Hear me out! Please! Not so much in theme (though they do share different takes on corruption), but in hyperkinetic uses of multiple techniques to tell the story. Coppola’s is more that of the assured craftsman, but he seems to be taking the same gleeful approach to the material that Rodriguez did with his.
It also reminds me of Damien Chazelle’s Babylon, another filmed excess set in the transitional period from silent to sound film. It’s more a fiasco than a folly, but Chazelle’s film is filled to the brim with camera movement and clogged compositions. The characters are better written but at the end of it, you rather wonder what he’s getting at. Chazelle’s is not a subtle work, but I’ll grant that he’s in love with cinema as much as Coppola.

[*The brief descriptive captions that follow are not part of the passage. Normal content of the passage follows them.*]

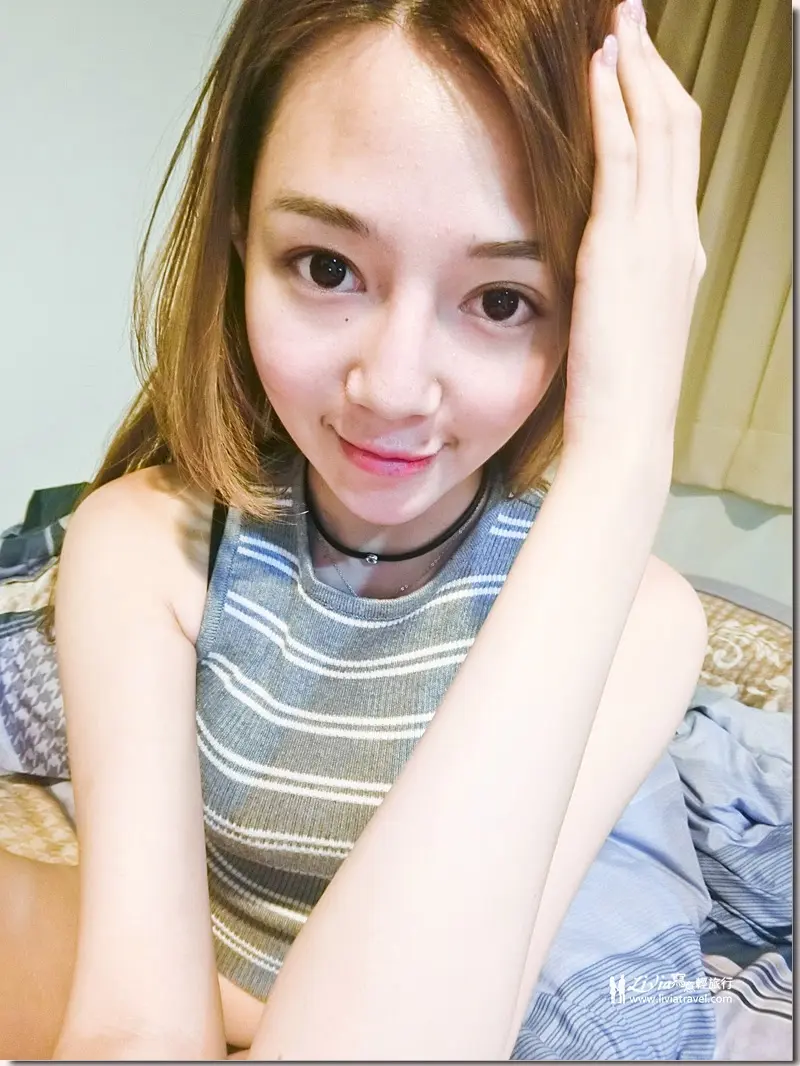 雷射除毛術後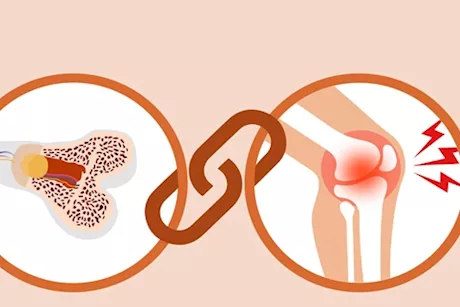 لمرضى هشاشة العظام- 6 مكملات غذائية لتخفيف ألم المفاصل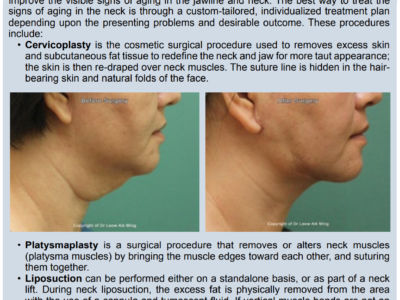 Neck Lift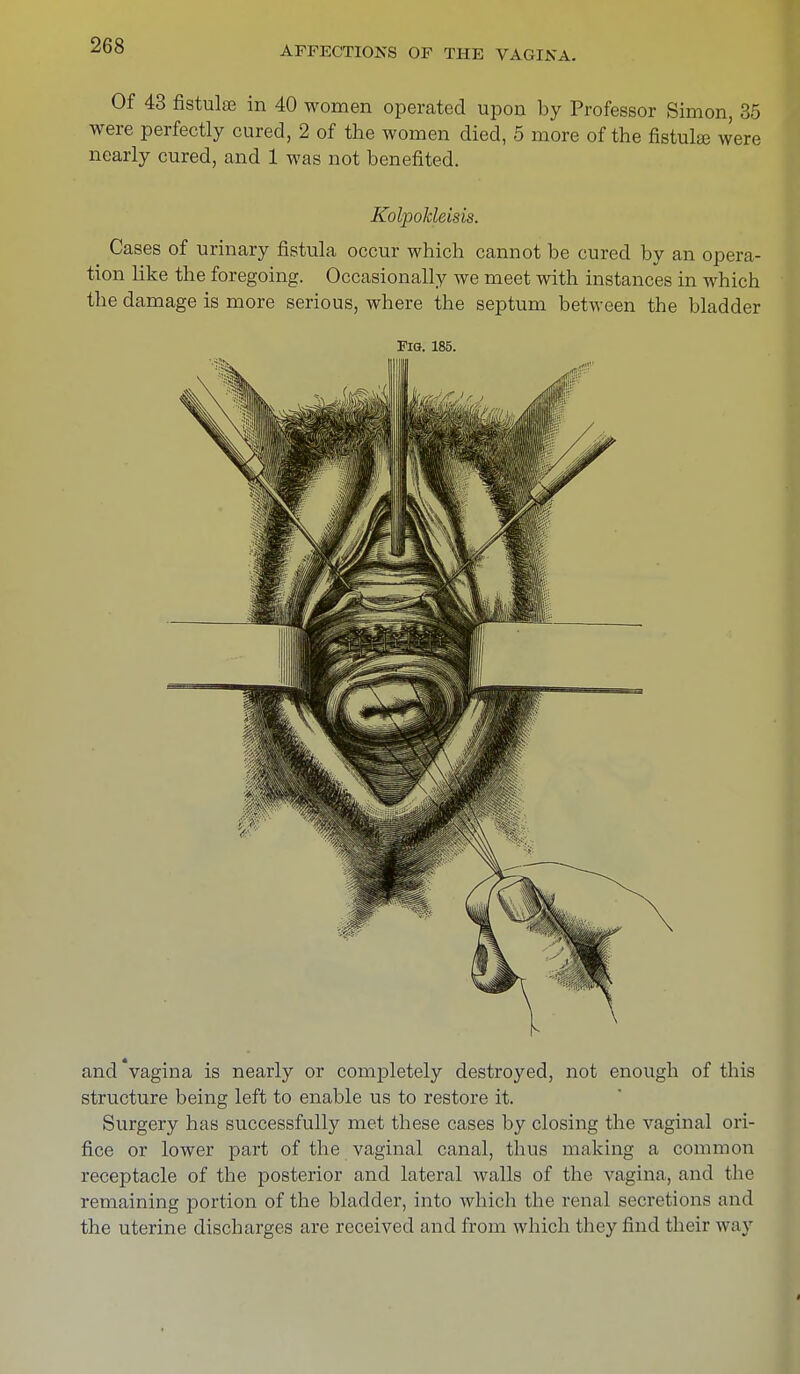 Of 43 fistulse in 40 women operated upon by Professor Simon, 35 were perfectly cured, 2 of the women died, 5 more of the fistulse were nearly cured, and 1 was not benefited. Kolpokleisis. Cases of urinary fistula occur which cannot be cured by an opera- tion like the foregoing. Occasionally we meet with instances in which the damage is more serious, where the septum between the bladder Fig. 185. and Vagina is nearly or completely destroyed, not enough of this structure being left to enable us to restore it. Surgery has successfully met these cases by closing the vaginal ori- fice or lower part of the vaginal canal, thus making a common receptacle of the posterior and lateral walls of the vagina, and the remaining portion of the bladder, into which the renal secretions and the uterine discharges are received and from which they find their way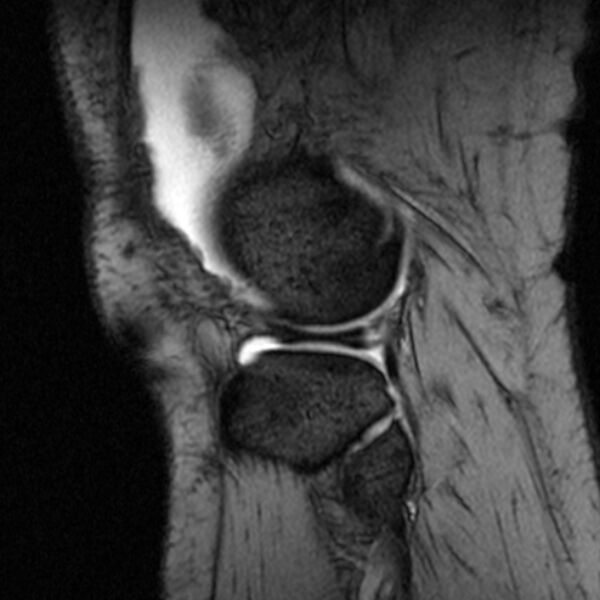 File:Bucket handle tear - medial meniscus (Radiopaedia 79028-91942 D 4).jpg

Sin City and Megalopolis also suffer from some misplaced earnestness, they are pretty fun to look at and both are replete with half-baked philosophy.
Even then and there, though, Coppola’s quoting of the Stoics isn’t just to show off what he knows; I believe he feels very much that Seneca, Aurelius, et al, offfer a clear-sighted path through our times. Their works were created to guide leaders (Aurelius, notably, wrote his Meditations for himself); consequently, I suspect this is one of the points that he wants to drive home throughout the movie, but it’s a real reach.
There’s so much stuff going on in each frame, so much animated camera movement, and so much patently weird choices made narratively and stylistically, that the maximalist cinematic values we see fly in direct antiphone to Stoic philosophy. Then, at one point, Cesar pretty much goes full on hippy when he abjures people that love is the only way. Yes, Meglalopolis is a muddle.
Why don’t I rip on it as a failure? Because it really isn’t. It’s not a great film, nor should it be considered a late period masterpiece (though, who knows; in another generation, it may go through a critical revision), but it is unlike anything else out there. It does demand you pay attention, it has a ton of heart and then some, but there is no getting around that it is a bit of a mess.
Coppola’s bigger films are very much like operas. The Godfather One and Two, Apocalypse Now, Bram Stoker’s Dracula, are all Big Movies that swing for the rafters. Three of them land, one of them comes close and this one, well, I think he hits a double.
I read a review that opined that Coppola was no Godard; he didn’t come up with any new ideas here and as a final film, if such as it is, it fails miserably. It’s ludicrous to compare the two; their approaches to cinema are diametrically and philosophically oppositional. But both loved cinema. I would argue, too, that both knew that some of their work would anger and befuddle and likely bore people.
I don’t think I can say that Coppola’s work here is boring, though. Befuddling and bemusing, sure. Frustrating and incoherent, you bet. It’s not as thought-provoking as he’d like it to be or perhaps think it is, but it’s not without wit and it is in part, sometimes offers a kind of provocation. Trust me, though, it isn’t boring.